- _Goal of the exercise_: Search the records for the string "Jersey", and show each line where it appears.

- _Information supplied_:
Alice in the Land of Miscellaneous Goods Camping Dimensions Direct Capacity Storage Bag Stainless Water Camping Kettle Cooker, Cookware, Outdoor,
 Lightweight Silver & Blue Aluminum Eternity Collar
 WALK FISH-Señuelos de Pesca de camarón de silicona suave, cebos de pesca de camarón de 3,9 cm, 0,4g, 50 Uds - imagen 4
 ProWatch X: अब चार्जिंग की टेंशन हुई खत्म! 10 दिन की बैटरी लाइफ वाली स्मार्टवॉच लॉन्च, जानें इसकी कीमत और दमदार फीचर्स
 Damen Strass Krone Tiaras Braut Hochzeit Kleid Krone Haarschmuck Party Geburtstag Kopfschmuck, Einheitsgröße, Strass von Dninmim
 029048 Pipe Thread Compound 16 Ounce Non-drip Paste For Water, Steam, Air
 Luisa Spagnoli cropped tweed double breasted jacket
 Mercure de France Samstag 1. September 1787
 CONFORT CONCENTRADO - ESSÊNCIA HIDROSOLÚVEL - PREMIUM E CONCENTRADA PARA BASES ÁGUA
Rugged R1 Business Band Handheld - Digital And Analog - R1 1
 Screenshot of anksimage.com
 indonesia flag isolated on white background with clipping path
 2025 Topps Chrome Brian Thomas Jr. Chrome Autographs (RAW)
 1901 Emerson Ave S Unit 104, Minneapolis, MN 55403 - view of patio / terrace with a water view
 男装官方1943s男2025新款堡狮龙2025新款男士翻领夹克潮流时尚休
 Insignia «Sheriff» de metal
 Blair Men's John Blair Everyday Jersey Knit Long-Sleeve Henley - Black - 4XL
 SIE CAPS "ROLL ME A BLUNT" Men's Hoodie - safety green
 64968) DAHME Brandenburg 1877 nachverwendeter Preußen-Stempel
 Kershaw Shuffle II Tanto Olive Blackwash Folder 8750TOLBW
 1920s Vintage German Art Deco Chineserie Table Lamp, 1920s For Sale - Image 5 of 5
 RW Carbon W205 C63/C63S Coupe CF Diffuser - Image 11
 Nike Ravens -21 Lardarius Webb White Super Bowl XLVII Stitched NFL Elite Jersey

- _Solved exercise_:
 Blair Men's John Blair Everyday Jersey Knit Long-Sleeve Henley - Black - 4XL
 Nike Ravens -21 Lardarius Webb White Super Bowl XLVII Stitched NFL Elite Jersey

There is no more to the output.